Abstract

Automated Interpretation of Statistical Tables to Assess Reporting Errors and Associations With Open Science Policies in Economics Journals

Stephan B. Bruns,1 Helmut Herwartz,2 John P. A. Ioannidis,3 Chris-Gabriel Islam,2 Fabian H. C. Raters2

Objective

The economics literature predominantly reports statistical values in data tables. This study developed a tool for extraction of statistical values in tables to identify reporting errors and to analyze the association between journal data and code availability policies and article characteristics.

Design

DORIS (Diagnosis of Reporting Errors in Scraped Tables)1,2 automatically extracts statistical values (eg, coefficients and SEs) from tables via web scraping in R to extract tables from HTML articles and text mining in Python to interpret data. This analysis included the top 50 economics journals that provided articles in HTML from 1998 to 2016. Tests were divided into 2 categories: main (first 3 table rows from main tables) and nonmain (all other rows from main tables and other tables). We used a staggered difference-in-differences design to assess the association between data and code availability policies and article outcomes3: reporting errors using a dummy for inconsistency altering significance level; statistical significance proxied by z-value, presence of visual indicators of statistical significance, and type of statistical value reported; logarithmized number of tests per article, tables with tests, and a dummy for appendix position; and citations measured by the logarithmized citation count for the first 7 years.

Results

The study included 578,132 statistical tests (median: 27 per table) from 15,725 tables (median: 4 per article) in 3746 articles (median: 76 per journal) that were published in 31 journals. Based on a sample of 3068 statistical tests, DORIS had a false discovery rate of 1.2%. Analysis revealed that 547 of 3677 articles (14.8%) had at least 1 reporting error in main tests altering the statistical significance of findings. The errors were prevalently oriented toward lowering P values and claiming statistical significance. Assessment of data and code availability policies included 21 journals and 535,838 tests. These policies were associated with slightly less emphasis on statistical significance (smaller z-values: −0.16 [90% CI, −0.33 to 0], P = .10; fewer statistical significance symbols: −4 [90% CI, −6 to −2] percentage points [pp]; P = .004; fewer tests reported with a focus on significance (t, z, or P values instead of SEs and CIs): −8 [90% CI, −13 to −3] pp; P = .004), more rigor in reporting (more tests: 11% [90% CI, −1% to 22%]; P = .12; more tables: 15% [90% CI, 7% to 23%]; P = .002; more appendix tables: 4 [90% CI, 2 to 7] pp; P = .009), and fewer reporting errors in nonmain tests (−0.2 [90% CI, −0.4 to 0] pp; P = .08), but there was no difference in citations (−9% [90% CI, −21% to 4%]; P = .25).

Conclusions

DORIS may be used in the peer review process in the economics literature to improve article quality and to generate large scale data for future meta-research. Data and code availability policies may help improve the reliability of published economics research.

References

1. Better Papers. Home page. Accessed June 12, 2025. https://betterpapers.org/#sec-faqs

2. Bruns SB, Herwartz H, Ioannidis JPA, Islam C-G, Raters FHC. Statistical reporting errors in economics. MetaArXiv. Preprint posted online September 01, 2023. doi:10.31222/osf.io/mbx62

3. Borusyak, K, Jaravel, X, Spiess, J. Revisiting event-study designs: robust and efficient estimation. Rev Econ Studies. 2024;91(6):3253-3285. doi:10.1093/restud/rdae007

1Hasselt University, Hasselt, Belgium, stephan.b.bruns@gmail.com; 2Georg August University Göttingen, Göttingen, Germany; 3Meta-Research Innovation Center at Stanford (METRICS), Stanford, CA, US.

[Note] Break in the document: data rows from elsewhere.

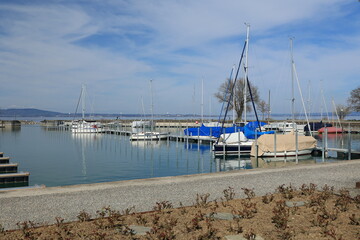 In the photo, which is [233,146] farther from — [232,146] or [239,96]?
[239,96]

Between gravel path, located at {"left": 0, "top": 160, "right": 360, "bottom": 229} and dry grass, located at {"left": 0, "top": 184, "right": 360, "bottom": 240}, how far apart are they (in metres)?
0.78

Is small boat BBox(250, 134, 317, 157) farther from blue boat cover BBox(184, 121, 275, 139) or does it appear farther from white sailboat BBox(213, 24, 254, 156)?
blue boat cover BBox(184, 121, 275, 139)

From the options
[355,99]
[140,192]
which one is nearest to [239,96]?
[355,99]

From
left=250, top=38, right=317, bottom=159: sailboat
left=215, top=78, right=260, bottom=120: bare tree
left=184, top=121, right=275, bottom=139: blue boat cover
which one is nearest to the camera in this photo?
left=250, top=38, right=317, bottom=159: sailboat

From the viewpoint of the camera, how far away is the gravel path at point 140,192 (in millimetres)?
8656

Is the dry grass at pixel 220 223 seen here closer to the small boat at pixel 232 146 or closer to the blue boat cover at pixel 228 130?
the small boat at pixel 232 146

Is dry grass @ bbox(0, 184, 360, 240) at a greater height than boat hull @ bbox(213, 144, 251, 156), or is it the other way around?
dry grass @ bbox(0, 184, 360, 240)

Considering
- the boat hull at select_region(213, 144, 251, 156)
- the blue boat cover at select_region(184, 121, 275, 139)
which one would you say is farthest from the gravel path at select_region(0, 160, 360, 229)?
the blue boat cover at select_region(184, 121, 275, 139)

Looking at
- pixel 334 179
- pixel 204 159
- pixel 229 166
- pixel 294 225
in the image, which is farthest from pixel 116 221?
pixel 204 159

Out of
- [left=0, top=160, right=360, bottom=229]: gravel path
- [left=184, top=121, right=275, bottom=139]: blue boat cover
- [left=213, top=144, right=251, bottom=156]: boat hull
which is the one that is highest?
[left=184, top=121, right=275, bottom=139]: blue boat cover

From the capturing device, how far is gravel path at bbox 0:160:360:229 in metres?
8.66

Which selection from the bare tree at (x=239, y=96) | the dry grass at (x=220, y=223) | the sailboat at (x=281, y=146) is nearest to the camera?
the dry grass at (x=220, y=223)

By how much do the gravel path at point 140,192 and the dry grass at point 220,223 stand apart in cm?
78

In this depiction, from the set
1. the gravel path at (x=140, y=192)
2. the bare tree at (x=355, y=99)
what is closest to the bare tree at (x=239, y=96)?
the bare tree at (x=355, y=99) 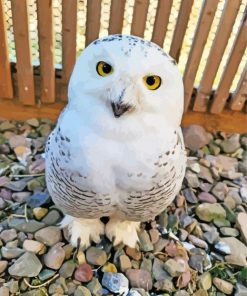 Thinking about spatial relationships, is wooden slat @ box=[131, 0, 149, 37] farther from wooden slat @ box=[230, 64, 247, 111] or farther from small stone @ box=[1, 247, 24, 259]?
small stone @ box=[1, 247, 24, 259]

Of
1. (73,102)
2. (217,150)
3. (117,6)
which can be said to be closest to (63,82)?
(117,6)

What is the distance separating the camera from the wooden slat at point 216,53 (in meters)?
1.81

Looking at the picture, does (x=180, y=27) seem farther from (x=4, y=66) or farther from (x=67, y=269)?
(x=67, y=269)

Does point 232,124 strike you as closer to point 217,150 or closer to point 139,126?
point 217,150

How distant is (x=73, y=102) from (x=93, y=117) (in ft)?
0.22

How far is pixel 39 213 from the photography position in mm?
1744

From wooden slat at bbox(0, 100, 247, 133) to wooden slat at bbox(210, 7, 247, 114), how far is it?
63 mm

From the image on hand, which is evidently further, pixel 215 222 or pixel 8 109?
pixel 8 109

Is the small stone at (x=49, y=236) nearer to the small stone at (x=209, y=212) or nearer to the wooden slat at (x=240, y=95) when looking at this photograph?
the small stone at (x=209, y=212)

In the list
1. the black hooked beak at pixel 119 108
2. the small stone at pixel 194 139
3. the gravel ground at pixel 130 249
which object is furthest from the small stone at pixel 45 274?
the small stone at pixel 194 139

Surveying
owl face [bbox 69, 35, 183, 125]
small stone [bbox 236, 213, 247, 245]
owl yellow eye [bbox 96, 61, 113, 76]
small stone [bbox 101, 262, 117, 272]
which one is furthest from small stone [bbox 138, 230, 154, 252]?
owl yellow eye [bbox 96, 61, 113, 76]

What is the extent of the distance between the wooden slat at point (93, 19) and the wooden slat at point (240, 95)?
56cm

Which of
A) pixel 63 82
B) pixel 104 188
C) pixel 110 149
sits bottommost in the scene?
pixel 63 82

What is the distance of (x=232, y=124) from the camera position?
2176 millimetres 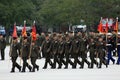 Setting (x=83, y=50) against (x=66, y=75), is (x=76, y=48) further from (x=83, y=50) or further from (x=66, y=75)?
(x=66, y=75)

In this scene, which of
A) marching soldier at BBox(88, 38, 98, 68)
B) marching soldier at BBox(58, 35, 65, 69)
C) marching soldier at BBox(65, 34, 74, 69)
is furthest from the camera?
marching soldier at BBox(65, 34, 74, 69)

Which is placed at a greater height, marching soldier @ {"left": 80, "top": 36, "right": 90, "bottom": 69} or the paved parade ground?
marching soldier @ {"left": 80, "top": 36, "right": 90, "bottom": 69}

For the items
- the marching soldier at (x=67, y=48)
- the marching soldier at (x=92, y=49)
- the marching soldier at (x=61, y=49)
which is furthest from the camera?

Conflict of Interest Disclosures

John P. A. Ioannidis is a member of the Peer Review Congress Advisory Board but was not involved in the review or decision for this abstract. No other disclosures were reported.

Funding/Support

Funding was received from the German Research Foundation (DFG) under the project “Replications in Empirical Economics: Necessity, Incentives and Impact,” with follow up project “Selective Reporting and the Evolving Research Landscape in Economics” (project number: 405039391) and from Hasselt University within the framework of BOF BILA (BOF21BL08).

Role of Funder/Sponsor

DFG and BOF BILA funding helped in the design and conduct of the study; collection, management, analysis, and interpretation of the data; preparation, review, or approval of the abstract; and decision to submit the abstract for presentation.